**THE PROBLEM:** Beneath this sentence is a listing. Return its lines from the one containing "Cop owned submissive" through the last, exactly, and omit the pictures.

**SUPPLIED INFORMATION:**
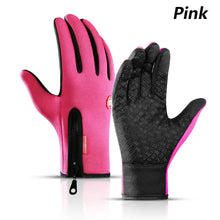 Load image into Gallery viewer, Pink waterproof winter gloves with touchscreen capability, designed to keep hands warm and dry. Ideal for smartphone use in cold weather.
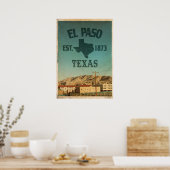Vintag El Paso Texas Reiseplakat Poster (Küche)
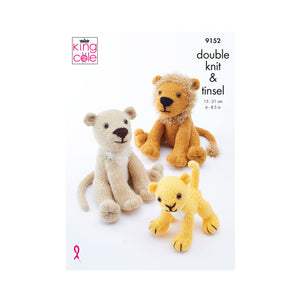 Knitting Pattern: Lion Family in DK and Tinsel Yarn
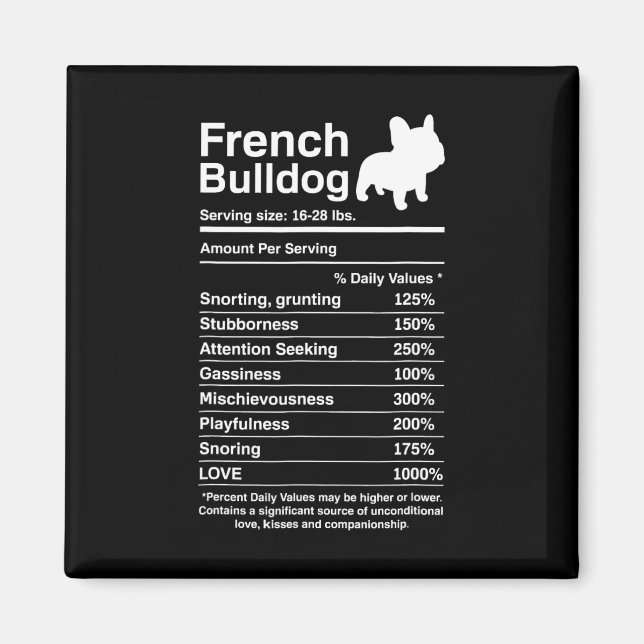 Bulldog Facts Nutrition Fun Frenchie Lover Magnet (Vorne)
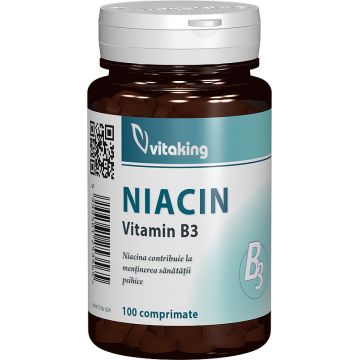 Vitamina B3 Niacina 100mg, 100 comprimate, Vitaking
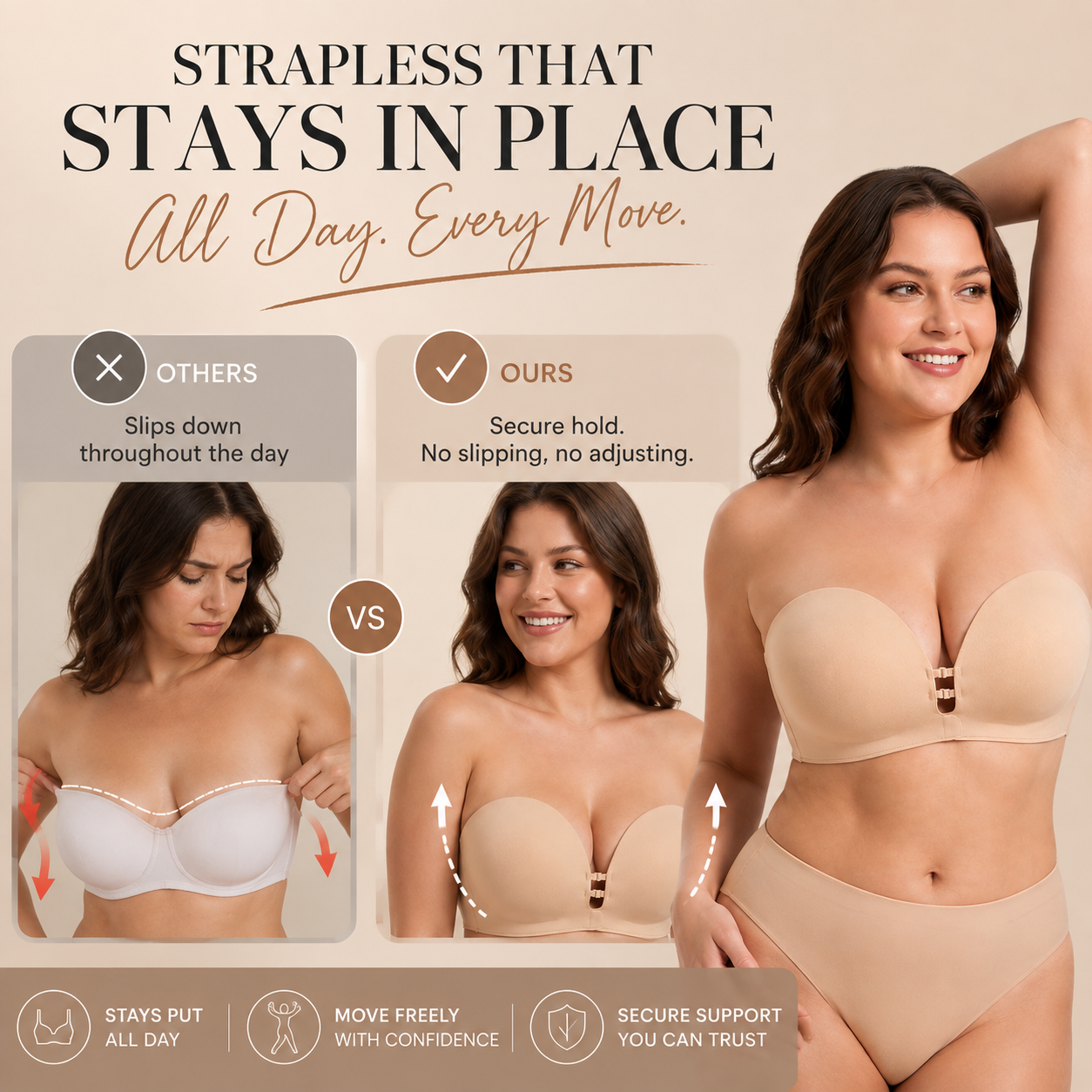 Strapless Push-Up Bra – Front Closure, Wireless & Seamless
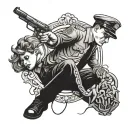 Cop owned submissive slave tattoo design idea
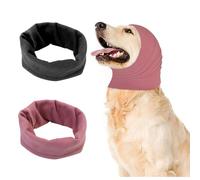 2Pcs Dog Snood, Dog Ear Protectors, Happy Hoodie for Dogs, Dogs Ear Muffs Noise Protection for Anxiety Relief, Ears Protectors for Bath Drying, Pet Ears Protector (Pink, Black)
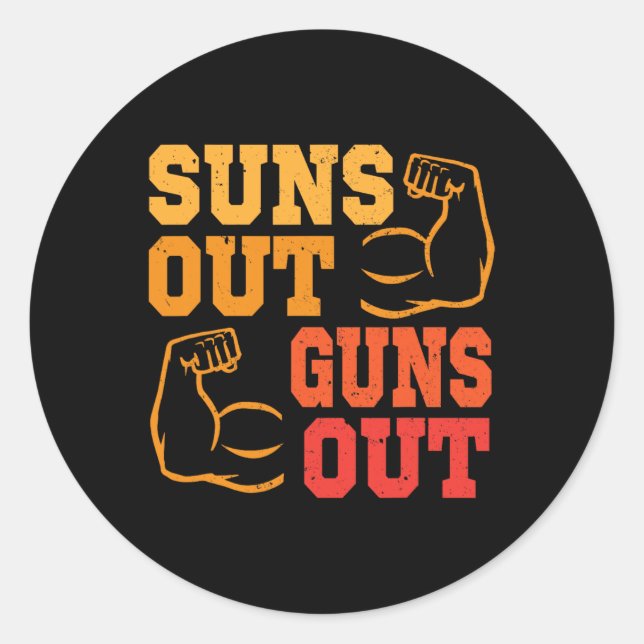 Sticker Rond Suns Out Guns Out Muscles Bodybuilding Poids (Devant)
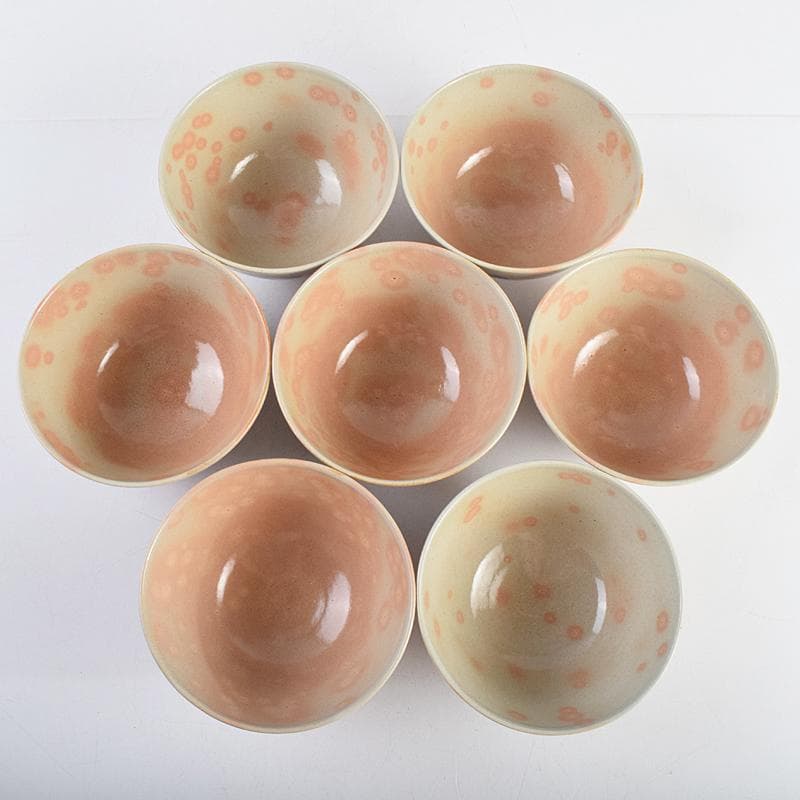 まーぶー　和食器萬古焼八幡窯　水車文数茶碗　十四客　共箱　M　R9415B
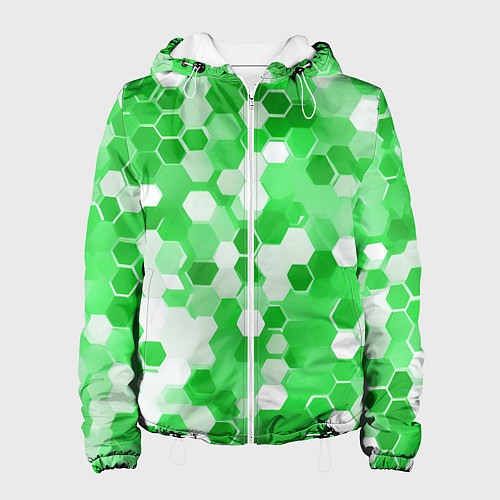 Женская куртка Кибер Hexagon Зелёный / 3D-Белый – фото 1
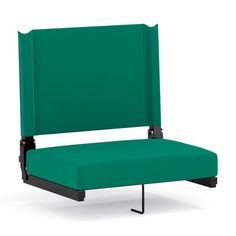 a green chair with black legs and armrests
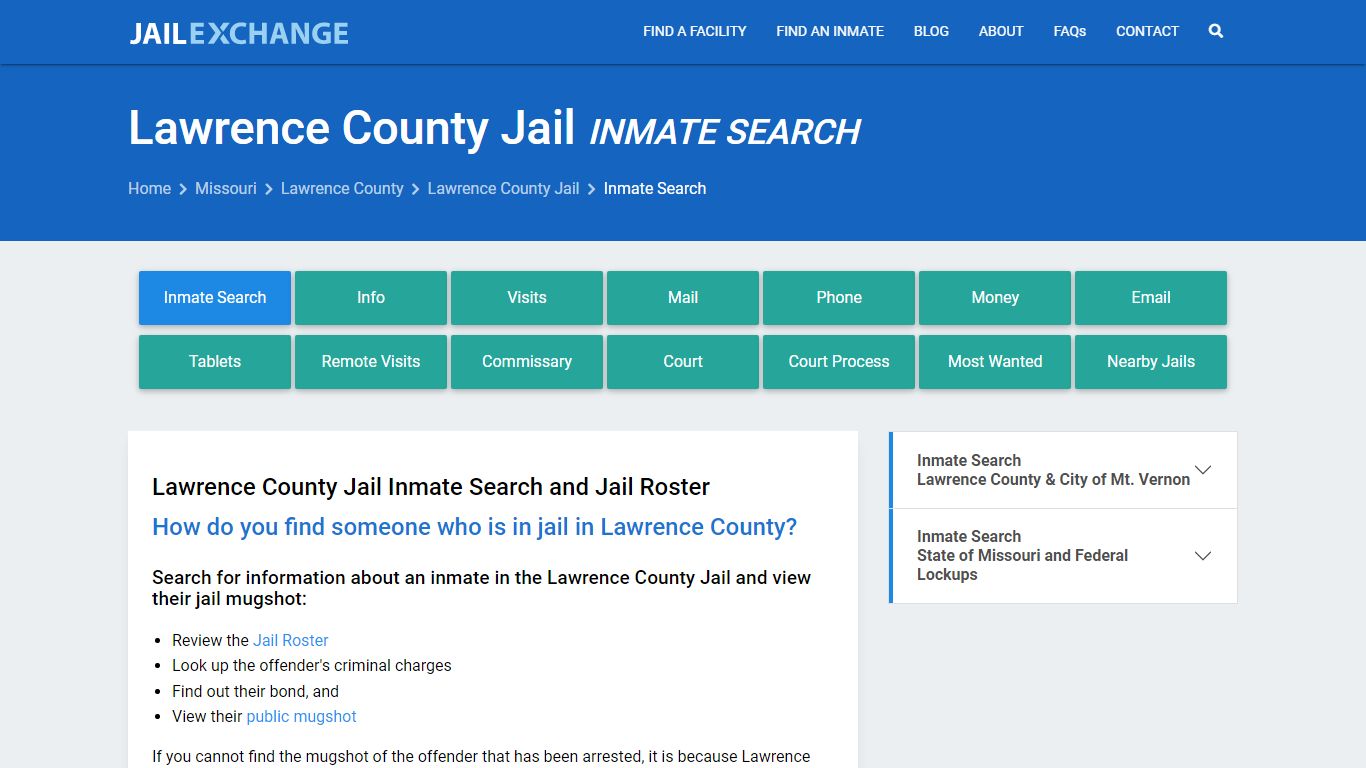 Inmate Search: Roster & Mugshots - Lawrence County Jail, MO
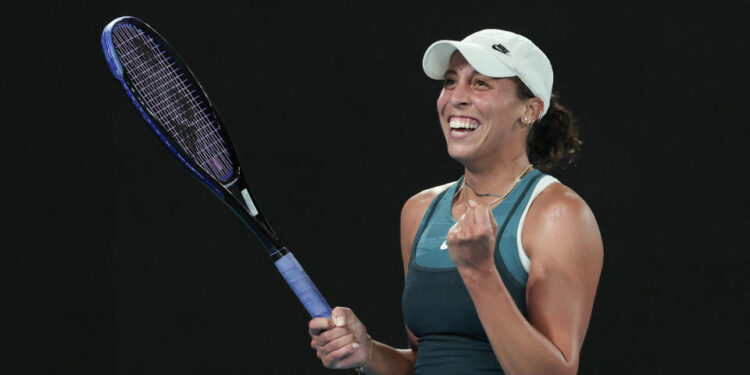 USA's Madison Keys celebrates match point against Poland's Iga Swiatek during their women's singles semi-final match on day twelve of the Australian Open tennis tournament in Melbourne on January 24, 2025. (Photo by DAVID GRAY / AFP) / -- IMAGE RESTRICTED TO EDITORIAL USE - STRICTLY NO COMMERCIAL USE -- (Photo by DAVID GRAY/AFP via Getty Images)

**OUTPUT FOR THIS TASK:**
 Cop owned submissive slave tattoo design idea
 2Pcs Dog Snood, Dog Ear Protectors, Happy Hoodie for Dogs, Dogs Ear Muffs Noise Protection for Anxiety Relief, Ears Protectors for Bath Drying, Pet Ears Protector (Pink, Black)
 Sticker Rond Suns Out Guns Out Muscles Bodybuilding Poids (Devant)
 まーぶー　和食器萬古焼八幡窯　水車文数茶碗　十四客　共箱　M　R9415B
 Женская куртка Кибер Hexagon Зелёный / 3D-Белый – фото 1
 a green chair with black legs and armrests
 Inmate Search: Roster & Mugshots - Lawrence County Jail, MO
 USA's Madison Keys celebrates match point against Poland's Iga Swiatek during their women's singles semi-final match on day twelve of the Australian Open tennis tournament in Melbourne on January 24, 2025. (Photo by DAVID GRAY / AFP) / -- IMAGE RESTRICTED TO EDITORIAL USE - STRICTLY NO COMMERCIAL USE -- (Photo by DAVID GRAY/AFP via Getty Images)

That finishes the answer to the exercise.